NOTE: This notebook and subsequent notebooks will serve as a guide on how to clean and refine large datasets, conduct spatial analysis in PostGIS as well as python, standardize variables of interest, and present final data findings in interactive and aesthetic maps.

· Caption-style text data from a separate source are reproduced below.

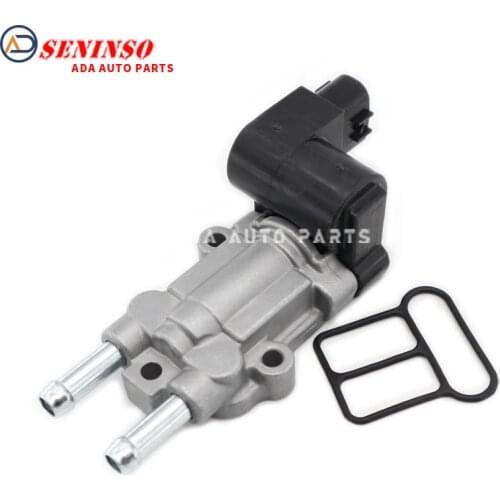 Original 22270-21020 2227021020 Throttle Idle Air Control Valve IAC Step Motor For Toyota Refurbished Tested High Quality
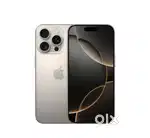 Iphone 16 Pro 256GB Fully Packed
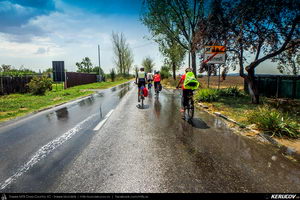 Trasee cu bicicleta MTB XC - Traseu SSP Campina - Doftana - Baicoi - Floresti - Filipestii de Targ - Manesti - Butimanu - Buftea - Bucuresti de Andrei Vocurek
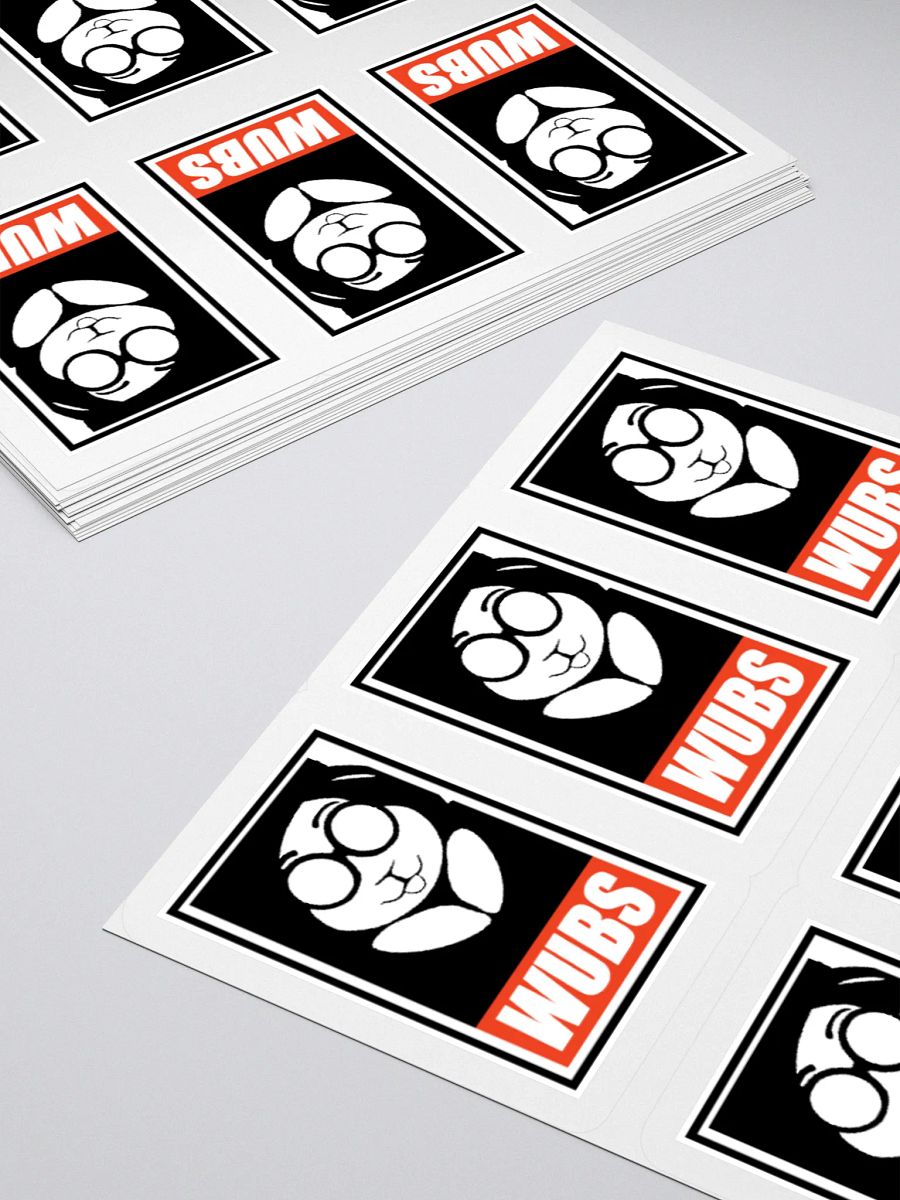 OBEY THE WUBS product image (14)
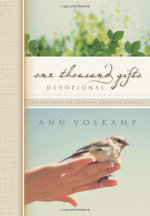 One Thousand Gifts - Devotional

contact:Steven.Nacinovich27@myhunter.cuny.edu 

## Part 1: Cleaning our Collisions and pedestrian data-sets

 Data retrieved from:
 https://data.cityofnewyork.us/Public-Safety/Motor-Vehicle-Collisions-Crashes/h9gi-nx95 
 &
 https://data.cityofnewyork.us/Public-Safety/Motor-Vehicle-Collisions-Person/f55k-p6yu
    
Collision crash table contains information from all police reported motor vehicle collisions since 2014, when Vision Zero was first created. The police report is required to be filled out when someone is injured, killed, or there is more than $1,000 dollars in reported damages. There are 1.68 million records in total.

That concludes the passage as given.